By 1969, J. Edgar Hoover had focused his attention on squashing the Black Panther Party. The time for snooping was over, now it was time for action and field offices were ordered to produce results.
On November 19, 1969, the Boston FBI office requested permission from Hoover to send an anonymous letter to Black Panther Party headquarters in Berkeley, California. “It is anticipated that this letter will create additional friction between the Black Panther Party-Boston and Republic of New Africa-Boston.”
“The enclosed letter conforms with the style of memorandum prepared by [REDACTED] which is typewritten and unsigned. It will be posted from a mailbox in the vicinity of the Republic of New Africa office.”
“A carbon copy of the letter will be mailed to the Black Panther Party-Boston and the Black Panther Party-New Haven.”
The bogus letter is also located in the PRA archive. “I am beginning to believe the Connecticut ‘Pigs’ have done a service for the Black people when they arrested [REDACTED] of the Boston Black Panther party, now in New Haven. Anyone who is a faggot and homosexual does not deserve a position of leadership. We brothers and sisters have too much at stake. If [REDACTED] moral character should become public knowledge, it would prove embarrassing to all Black movements.”
In 1970, the Boston FBI office requested another anonymous mailing against the Black Panthers. Hoover sent the command on July 20, 1970 approving the COINTELPRO proposal. “This technique would appear to have extreme value” and “indicates your office is giving careful thoughtto this matter.”
“Copies of the postcard prepared by your office as reproduced at the Bureau are being forwarded separately for anonymous mailings as proposed by your office. Insure the postcards and their mailing are properly handled in order that this counterintelligence measure is not traceable to the FBI.”

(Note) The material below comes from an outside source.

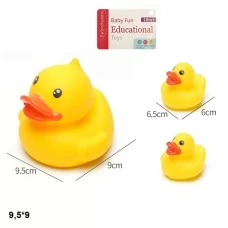 Игрушка пищалка BabyToys качечка 6 колес 3 шт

“Boston is instructed to mail copies of these postcards from various locales in the Cambridge, Massachusetts, area in order to obtain an additional possible counterintelligence benefit by virtue of the BPP and NCCF [National Committee to Combat Fascism] organizations’ current ideological and physical differences with the Progressive Labor Party located in that city.”
A note at the end of Hoover’s directive gives a hint about the postcard. “Boston Office being authorized to anonymously mail postcards to individuals and organizational fund contributors and potential contributors of funds to the extremist BPP and NCCF in their area showing these groups’ misuse of funds allegedly obtained for community action programs.”
A protest at Harvard that summer resulted in four non-student SDS leaders being banned from campus. The Boston FBI office proposed to have its informant at Harvard alert the “Intelligence Division of the Boston Police Department who will in turn make the arrests at NH [National Headquarters on Massachusetts Ave in Boston].”
“This will enable the Intelligence Division to observe the activities of the NH, conduct a search incidental to the arrest, disrupt the activities, and hopefully gain intelligence data.”
The last set of COINTELPRO memos in the PRA archive about Boston are dated December 15, 1970, and also directed at the Black Panthers. The Boston FBI was again asking permission for another bogus publication, this time a pamphlet to discredit the Panther call for a People’s Constitutional Convention. The pamphlet had purported commentary from Boston-area attendees to a nation Black Panther gathering in Washington, D.C.
The COINTELPRO actions revealed in the Boston FBI memos are mild compared to some of the tactics employed elsewhere. Also, significant gaps in the record of COINTELPRO actions in Boston exist thus leaving unknown the full scope of harm caused.